Their plea deals narrow the focus of an upcoming trial for Bundy, two adult sons and a close associate. They are accused of leading a conspiracy to enlist a self-styled militia to prevent federal Bureau of Land Management agents from enforcing court orders to remove Bundy cattle from desert rangeland in what is now Gold Butte National Monument.
‘A win’
Parker, 34, of Hailey, Idaho, and Drexler, 47, of Challis, Idaho, won’t face additional time behind bars because of their guilty pleas Monday in U.S. District Court in Las Vegas to one charge of obstruction of a court order, a misdemeanor, that could carry a possible sentence of one year in federal prison. Each initially faced 11 charges and twice stood trial on 10.
“Any time you’re looking at 11 felony charges and life in prison and you walk out with a misdemeanor and probation is a win,” said attorney Jess Marchese, who represents Parker.
Parker and Drexler were photographed during the standoff on a high Interstate 15 freeway overpass near Bunkerville pointing rifles through concrete sidewall barriers toward heavily armed federal agents in a dry riverbed below. The agents were guarding corrals of rounded-up cattle and facing hundreds of flag-waving unarmed men, women and children.
Cliven Bundy says he doesn’t recognize federal authority over public land where he said his family grazed cattle since the early 1900s. His dispute echoes a nearly half-century fight over public lands involving ranchers in Nevada and the West, where the federal government controls vast expanses of land.
Supervised release
Marchese and Todd Leventhal, attorney for Drexler, said the main remaining question for Chief U.S. District Judge Gloria Navarro at sentencing Feb. 2 will be the length of time their clients will serve on supervised release. It could be one to five years.
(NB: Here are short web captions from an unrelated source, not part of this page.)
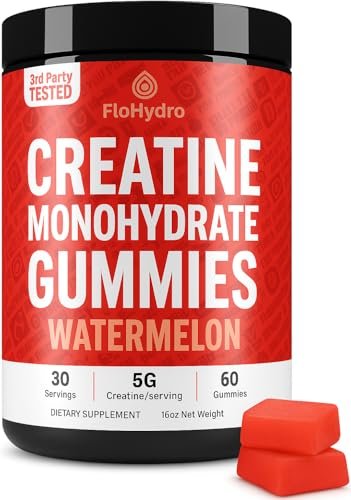 FloHydro Creatine Gummies – 5g Creatin pro Portion, zuckerfrei, 60 Stück, Laborgetestet in den USA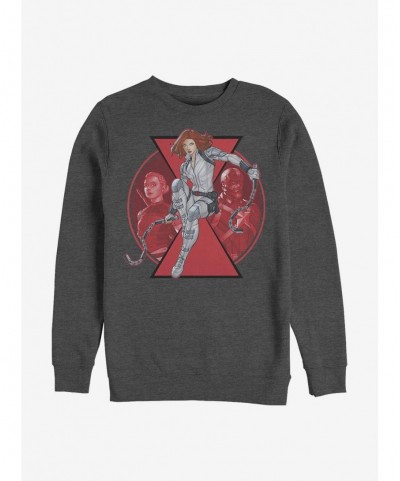 Discount Sale Marvel Black Widow Widow Team Crew Sweatshirt $11.81 Sweatshirts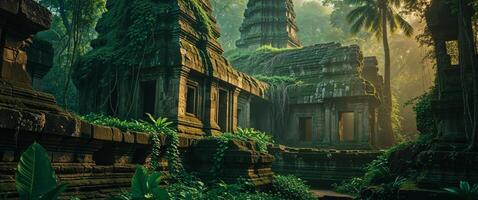 An ancient temple in the jungle with trees and plants photo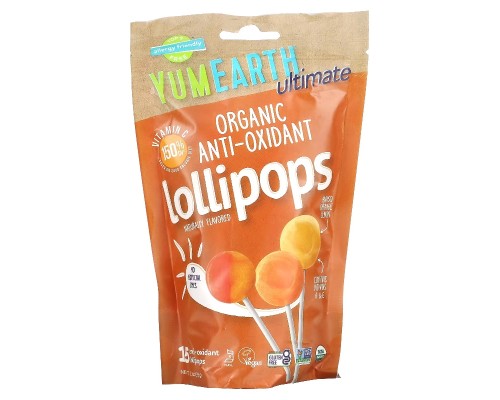 YumEarth, Ultimate, Organic Anti-Oxidant Lollipops, Mango, Orange, Lemon, 15 Lollipops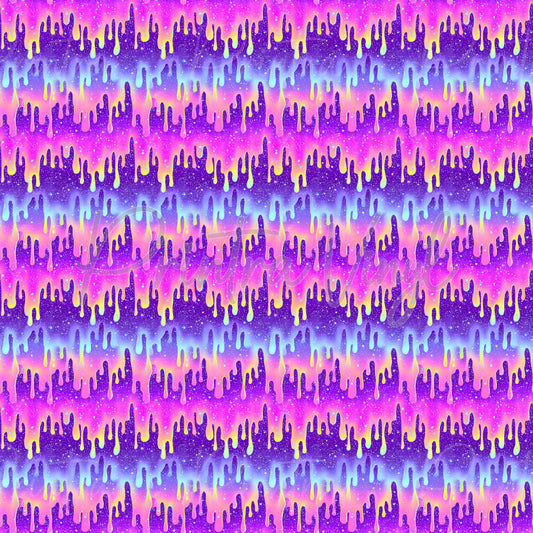 Cosmic Ooze patterned vinyl featuring glittering galaxy-inspired slime drips in vibrant shades of pink, purple, blue, and yellow, layered with sparkling cosmic textures and shimmering celestial details.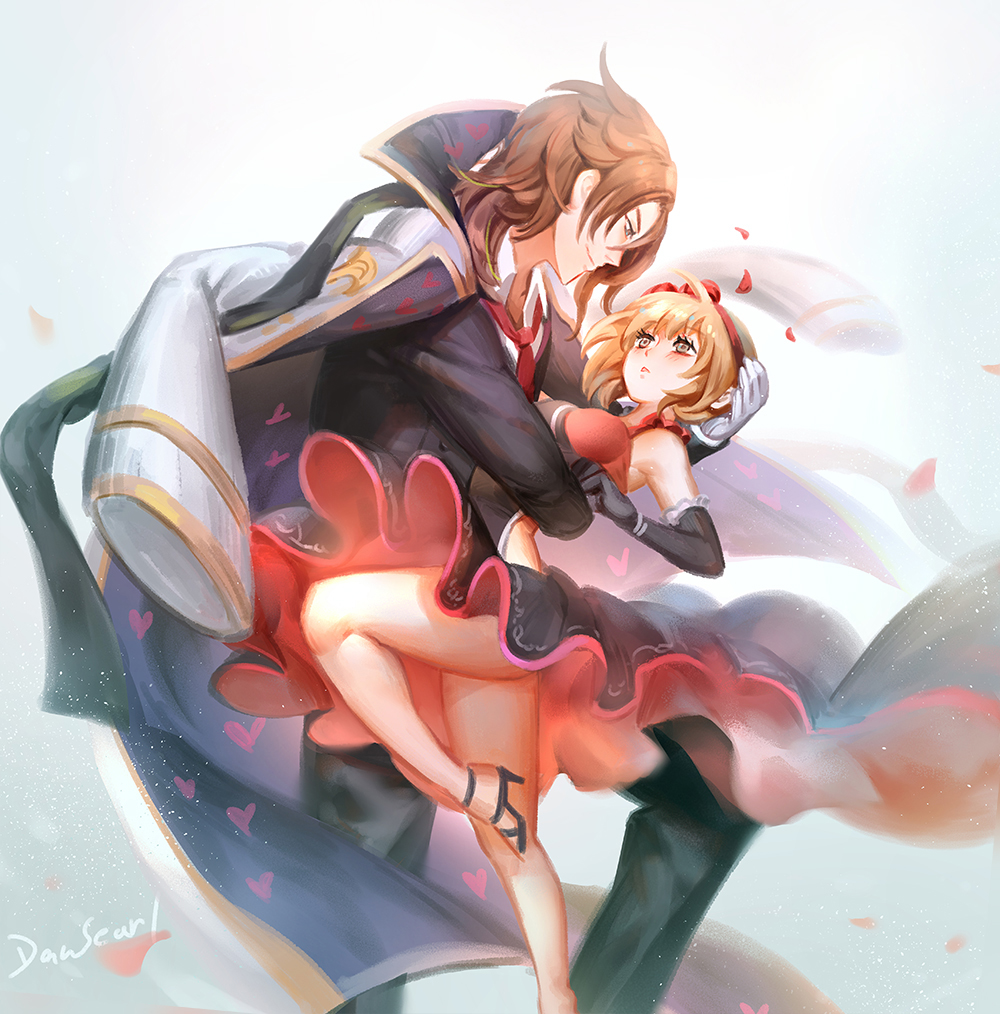 1boy 1girl arm_around_waist artist_name black_gloves black_pants blonde_hair blush breasts brown_eyes brown_hair closed_mouth collared_shirt dansearl djeeta_(granblue_fantasy) dress elbow_gloves formal frilled_gloves frills gloves granblue_fantasy hair_ribbon hand_on_another's_head heart jacket_on_shoulders long_sleeves looking_at_another medium_breasts necktie pants parted_lips percival_(granblue_fantasy) petals profile red_neckwear red_ribbon ribbon shirt short_hair smile suit white_gloves white_shirt wing_collar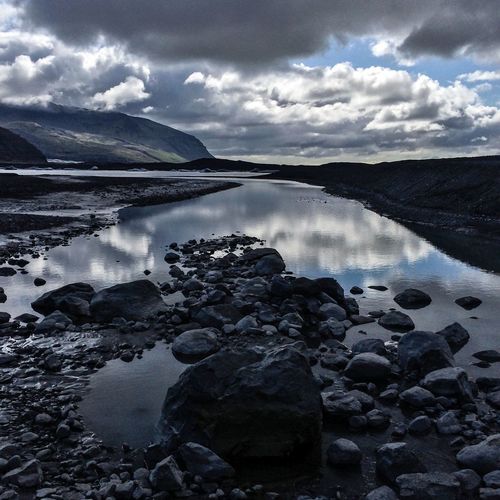 Scenic view of lake against sky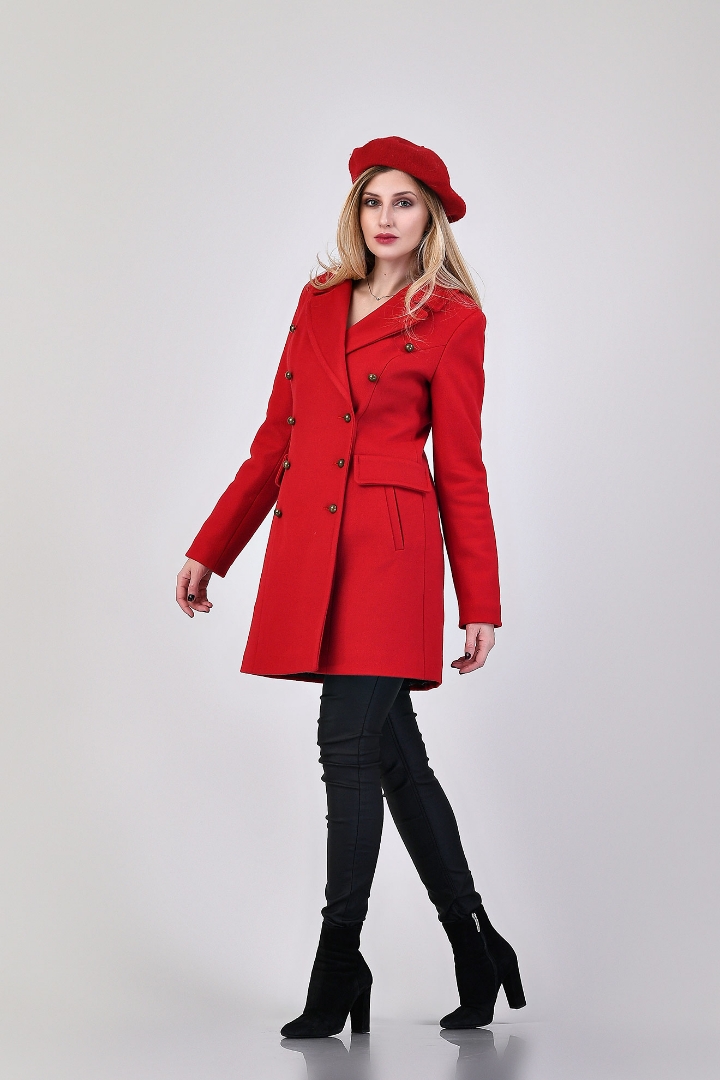 Imagine Palton Camelia rosu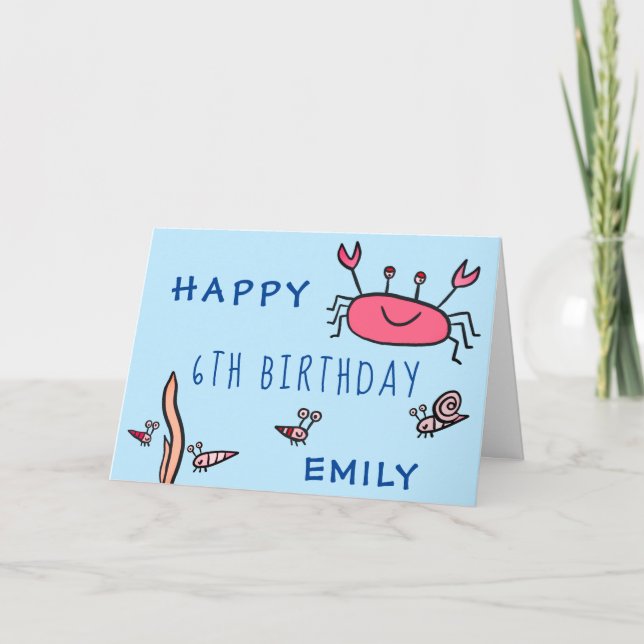 Cute Pink Crab Sea Animals Girl Happy Birthday   Card (Front)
“He’s not a felon,” Leventhal said of his client. “He’s not going to have to do any more time. It’s a misdemeanor.”
The pleas came with jury selection due to start next week for Bundy, his sons Ammon and Ryan Bundy, and co-defendant Ryan Payne. Each faces 15 felony charges carrying possible sentences totaling more than 170 years in prison.
The focus on their case has shifted — and the start was postponed for three weeks — after the Oct. 1 Las Vegas Strip shooting that left 58 people dead and nearly 550 other people injured at a country music festival before the gunman also killed himself.
“I think everybody realizes after the shooting here in Las Vegas that juries aren’t going to have an appetite to hear about gunmen,” said Chris Rasmussen, attorney for Peter Santilli of Cincinnati, a co-defendant who took a plea deal.
Santilli pleaded guilty Oct. 6 to felony conspiracy in a plea agreement that Rasmussen said could have Santilli free from federal custody in January after about two years already served.